By James McDonough
Edited by Alloe Mak
17. The beginnings of nostalgia and the time the crushing weight starts to set in, the truth of the rest of one’s life. One has begun to define who they are as a person, consciousness and personality have begun to establish, but people still say life has yet to start. At 17, I often think of my younger self. My laughs without worries—my days without stress. I see old photos, of moments of uninterrupted joy in my younger years with an unwavering grin that never escaped my face, and a sense of melancholic nostalgia and dread takes over me. The realization that I will never experience such joy again sits in my stomach. I will never be back in the same moments I once lived. This, paired with the weight of my imminent future, regularly overwhelms and consumes everyday thought.
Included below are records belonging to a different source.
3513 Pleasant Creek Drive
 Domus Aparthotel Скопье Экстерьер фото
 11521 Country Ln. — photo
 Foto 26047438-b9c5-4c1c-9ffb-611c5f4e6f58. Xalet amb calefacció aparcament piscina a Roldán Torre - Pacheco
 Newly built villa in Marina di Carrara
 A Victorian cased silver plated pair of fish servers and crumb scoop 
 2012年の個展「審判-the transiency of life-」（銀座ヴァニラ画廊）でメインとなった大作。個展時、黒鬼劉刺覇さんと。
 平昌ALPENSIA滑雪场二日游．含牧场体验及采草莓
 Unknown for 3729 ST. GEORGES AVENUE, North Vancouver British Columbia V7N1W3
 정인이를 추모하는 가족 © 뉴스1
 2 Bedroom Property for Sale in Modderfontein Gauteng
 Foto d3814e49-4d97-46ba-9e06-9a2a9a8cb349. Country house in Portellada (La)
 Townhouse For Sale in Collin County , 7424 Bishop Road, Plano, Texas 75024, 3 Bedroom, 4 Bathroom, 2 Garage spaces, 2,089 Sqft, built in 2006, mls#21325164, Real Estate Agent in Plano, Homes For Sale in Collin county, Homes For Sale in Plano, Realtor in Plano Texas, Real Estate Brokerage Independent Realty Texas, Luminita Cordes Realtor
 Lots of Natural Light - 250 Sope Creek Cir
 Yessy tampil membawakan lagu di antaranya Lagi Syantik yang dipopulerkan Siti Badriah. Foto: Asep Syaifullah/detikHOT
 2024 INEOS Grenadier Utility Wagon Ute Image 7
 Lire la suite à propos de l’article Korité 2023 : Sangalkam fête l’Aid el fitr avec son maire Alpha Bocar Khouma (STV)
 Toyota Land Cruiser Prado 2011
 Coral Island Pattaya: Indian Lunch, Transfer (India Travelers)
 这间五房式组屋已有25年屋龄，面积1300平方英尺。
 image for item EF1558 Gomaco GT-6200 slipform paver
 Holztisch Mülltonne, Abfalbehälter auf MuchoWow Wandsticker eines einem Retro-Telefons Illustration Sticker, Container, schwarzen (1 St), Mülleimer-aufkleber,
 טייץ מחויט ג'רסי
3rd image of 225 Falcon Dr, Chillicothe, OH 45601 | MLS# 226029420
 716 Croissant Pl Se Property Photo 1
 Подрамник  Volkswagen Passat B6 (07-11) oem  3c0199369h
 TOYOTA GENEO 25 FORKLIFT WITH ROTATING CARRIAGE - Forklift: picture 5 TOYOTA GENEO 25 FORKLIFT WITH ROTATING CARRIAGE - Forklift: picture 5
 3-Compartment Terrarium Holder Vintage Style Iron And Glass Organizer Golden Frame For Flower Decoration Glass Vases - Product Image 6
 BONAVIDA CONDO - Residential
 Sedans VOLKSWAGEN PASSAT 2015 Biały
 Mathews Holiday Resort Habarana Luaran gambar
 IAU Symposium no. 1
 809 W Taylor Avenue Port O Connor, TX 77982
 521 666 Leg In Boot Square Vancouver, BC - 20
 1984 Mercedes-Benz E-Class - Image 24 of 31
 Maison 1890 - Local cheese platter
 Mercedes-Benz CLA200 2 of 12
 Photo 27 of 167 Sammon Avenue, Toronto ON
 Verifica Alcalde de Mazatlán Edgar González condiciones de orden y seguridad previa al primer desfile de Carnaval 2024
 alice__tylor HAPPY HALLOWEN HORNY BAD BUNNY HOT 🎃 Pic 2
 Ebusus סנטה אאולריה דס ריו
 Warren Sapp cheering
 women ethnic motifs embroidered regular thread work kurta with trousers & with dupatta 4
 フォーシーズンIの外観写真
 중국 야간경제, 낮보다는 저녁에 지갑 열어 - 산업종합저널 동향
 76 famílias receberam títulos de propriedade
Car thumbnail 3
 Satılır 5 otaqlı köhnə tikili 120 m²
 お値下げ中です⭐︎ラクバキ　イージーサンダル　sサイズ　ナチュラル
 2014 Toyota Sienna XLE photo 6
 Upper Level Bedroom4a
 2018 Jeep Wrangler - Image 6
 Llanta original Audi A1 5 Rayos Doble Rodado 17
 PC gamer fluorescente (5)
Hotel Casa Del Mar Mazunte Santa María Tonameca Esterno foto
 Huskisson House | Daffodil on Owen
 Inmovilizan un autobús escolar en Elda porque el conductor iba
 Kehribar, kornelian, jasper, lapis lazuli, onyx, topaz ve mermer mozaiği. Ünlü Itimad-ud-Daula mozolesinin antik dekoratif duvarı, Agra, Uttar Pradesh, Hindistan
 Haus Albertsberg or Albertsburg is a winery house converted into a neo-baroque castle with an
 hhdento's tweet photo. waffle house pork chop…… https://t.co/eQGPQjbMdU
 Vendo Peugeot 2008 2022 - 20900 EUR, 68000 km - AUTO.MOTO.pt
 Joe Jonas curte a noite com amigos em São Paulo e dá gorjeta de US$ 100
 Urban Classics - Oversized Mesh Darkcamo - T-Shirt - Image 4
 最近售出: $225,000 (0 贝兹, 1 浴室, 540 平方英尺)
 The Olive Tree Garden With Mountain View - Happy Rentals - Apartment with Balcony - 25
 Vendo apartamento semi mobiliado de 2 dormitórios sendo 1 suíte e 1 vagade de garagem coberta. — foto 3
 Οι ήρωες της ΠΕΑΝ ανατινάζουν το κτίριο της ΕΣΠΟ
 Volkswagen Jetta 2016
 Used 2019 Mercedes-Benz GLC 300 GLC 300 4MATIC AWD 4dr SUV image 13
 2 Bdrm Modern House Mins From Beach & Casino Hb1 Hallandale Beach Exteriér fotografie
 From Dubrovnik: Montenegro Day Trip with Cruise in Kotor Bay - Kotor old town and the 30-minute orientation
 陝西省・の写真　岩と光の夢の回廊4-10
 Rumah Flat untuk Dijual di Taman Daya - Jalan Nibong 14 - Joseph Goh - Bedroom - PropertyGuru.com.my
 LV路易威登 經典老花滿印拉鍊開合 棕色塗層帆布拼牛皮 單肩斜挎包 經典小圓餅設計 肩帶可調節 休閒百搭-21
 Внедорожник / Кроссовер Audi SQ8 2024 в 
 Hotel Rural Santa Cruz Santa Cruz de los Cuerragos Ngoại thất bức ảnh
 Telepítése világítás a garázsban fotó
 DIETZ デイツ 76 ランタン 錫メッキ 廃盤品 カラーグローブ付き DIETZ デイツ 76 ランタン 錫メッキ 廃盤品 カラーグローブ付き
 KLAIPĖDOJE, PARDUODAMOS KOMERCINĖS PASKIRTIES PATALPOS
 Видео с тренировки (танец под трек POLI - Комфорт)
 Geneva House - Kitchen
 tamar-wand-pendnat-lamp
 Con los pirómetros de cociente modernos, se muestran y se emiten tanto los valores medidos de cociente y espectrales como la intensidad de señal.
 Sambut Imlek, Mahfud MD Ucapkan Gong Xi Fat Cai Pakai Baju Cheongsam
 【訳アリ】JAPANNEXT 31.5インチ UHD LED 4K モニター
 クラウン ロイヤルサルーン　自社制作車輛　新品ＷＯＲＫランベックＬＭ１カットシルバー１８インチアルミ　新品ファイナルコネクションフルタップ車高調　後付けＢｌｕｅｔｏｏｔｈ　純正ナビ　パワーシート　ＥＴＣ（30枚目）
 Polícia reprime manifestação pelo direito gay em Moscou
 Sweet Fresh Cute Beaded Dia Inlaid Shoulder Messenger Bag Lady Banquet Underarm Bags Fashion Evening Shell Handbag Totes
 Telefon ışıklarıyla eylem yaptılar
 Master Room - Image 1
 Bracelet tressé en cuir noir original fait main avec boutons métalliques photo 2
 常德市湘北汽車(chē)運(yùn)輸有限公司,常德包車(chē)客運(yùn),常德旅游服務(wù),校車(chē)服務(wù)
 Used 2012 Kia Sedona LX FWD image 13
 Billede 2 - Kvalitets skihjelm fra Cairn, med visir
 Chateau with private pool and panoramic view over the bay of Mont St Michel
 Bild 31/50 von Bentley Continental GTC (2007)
Through the pursuit of self-actualization, joy seems further and further out of reach—the joy I once had long behind.
The future at this age is a weight on your back that only gets heavier as the days go on; a voice in the back of your head that only seems to get louder, nagging about what comes next. “You have so many doors opening for you! So many opportunities,” is the phrase that most teenagers will hear as they approach the end of their high school careers. The constant words telling you that the rest of your life is commencing will seem to last forever. Time keeps moving, and its grasp on your neck gets tighter and tighter. People will never stop reminding you how exciting it is that you are beginning your journey into a career Yet, the amount of limitless and wondrous opportunities framed through a realistic lens of sustainability make you wonder how happy that opportunity may truly make you, and the options tighten. What you come to take in is the ever-growing gap between one’s joy and one’s career; the difference between finding happiness and being successful. The dreaded office job and being trapped in a rut of repeating days, all identical and without change. The idea of studying to the point of insanity for a prestigious and pretentious piece of paper that says “you did it!” to get a job and work for one’s entire life seems like a nightmare. This sense of opportunity changes when all the paths ultimately converge into a cycle of work that appears ever-draining. I fear being just another worker; another cog with no purpose.
I refuse to live my life with blinders on. I cannot and become a machine of repetition, as I begin to fear I will lose grasp of myself. Humans are conscious beings—I am aware of my existence, mood, and changes. It is Human nature to fear change, and nostalgia is the cause of this. This is the age where I now have sufficient memories to truly miss my former self.
As I grow and truly discover myself, I find that the most important thing is just that: growing. I was happier and without stress because I knew less, and as much as I wish to be that kid once again, I know I never will be, and I would not trade who I am now for that. That child is gone, but so is the version of me last year and last week. I chase happiness but know that the path to knowledge and growth is only filled with more dread. Yet, I cannot stagnate. Seventeen is perpetually paradoxical. I refuse to live with blinders and refuse to stand still—I must revolt. Breaking free from the cage of nostalgia is the only way to look forward, as nostalgia keeps you in the same spot of dreadful melancholia. Suffocation of the future is perpetual and something I must accept. I loosen the grasp that time has on me by living and being happy in the moment—it is the solution because there is no alternative. Though pursuit of knowledge is inherently difficult, I must adhere, as change is forever needed. To become the best version of self, to truly self-actualize, one must grow; revolt against the trappings of time.